Silicon Insider: Learning From Terri Schiavo

If you think the Terri Schiavo case was painful and difficult, just wait until you see what's coming.

I have tried very hard not to get enmeshed in the Schiavo matter. I'm a technology writer, and decided early on to leave this kind of stuff to the political and cultural pundits. Besides, these big cultural stories -- OJ, Scott Peterson, Columbine, Michael Jackson, etc. -- take on a life of their own, such that amidst all of the screaming and the flying accusations, it's almost impossible to ferret out the real truth in the matter [although, ironically, I can say that the "finger in the Wendy's chili" story is real: my kids' godmother was next in line that night, and even saw the finger].

Yet such is the nature of these big tabloid stories that, no matter how much you try, it is almost impossible to escape them -- or to come to some sort of opinion on the matter. For example, without having any real first-hand knowledge of the case, nor any expertise in brain neurology whatsoever, I seem to have come to the contradictory conclusion that Schiavo was not entirely brain dead, that her husband was ghoulish in his pressing this matter forward so relentlessly and that her parents are kindly but delusional about their daughter's real condition.

Is any of this true? I haven't the foggiest idea. If I want to be really paranoid, or at least Humeian, I might even wonder if this story was even real at all, or just an intriguing plot scenario designed by screenwriters as a litmus to our true beliefs. In fact, all of these big sensational stories that regularly capture the nation's imagination seem in fact to be test cases to prepare us for major crises to come, and as synecdoche for our deepest fears for a changing world. That's why, despite our resistance, we find ourselves drawn into the national debate, our emotions growing hot over people we've never met facing medical and legal challenges we don't really understand.

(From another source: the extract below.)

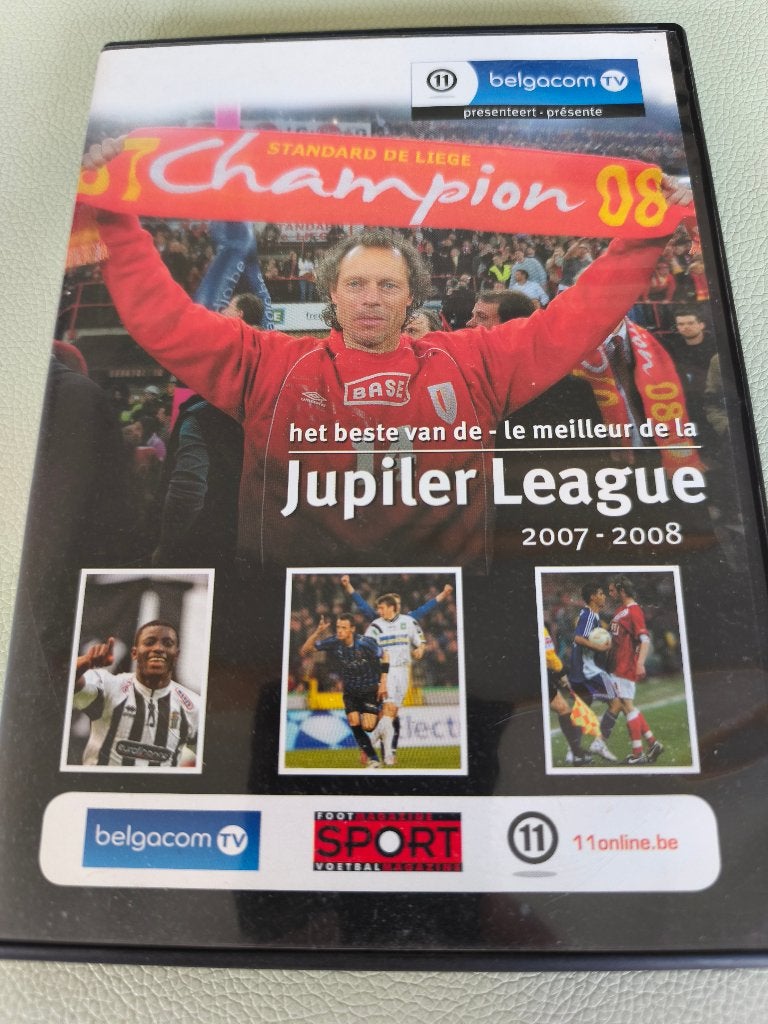 DVD football., Enlèvement ou Envoi, Comme neuf, Football, Documentaire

Precursor of Things to Come?

In that respect, these tabloid cases may actually have a salutary purpose: they are early warning systems for what we really fear is coming. Thus, the OJ trial was about the dangerous and growing cult of celebrity in America, however minor the celebrity, though the defense team skillfully managed to turn it into a barometer of the jurors' greatest fear: race. The Scott Peterson case was about the vulnerability of modern motherhood, Columbine was our fear of what our teenagers were doing home alone in front of their computer screens, and Michael Jackson is about celebrity and the lost innocence of modern childhood.

And Terri Schiavo? Of course it was about the pretty young woman in the photographs who morphed into the sad, perhaps empty, shell of a human being staring slack-jawed and empty-eyed at an incomprehensible world. But it was deeper than that. I think it was also about our fear of the mercilessness of technology and our dread of what lies in the near future.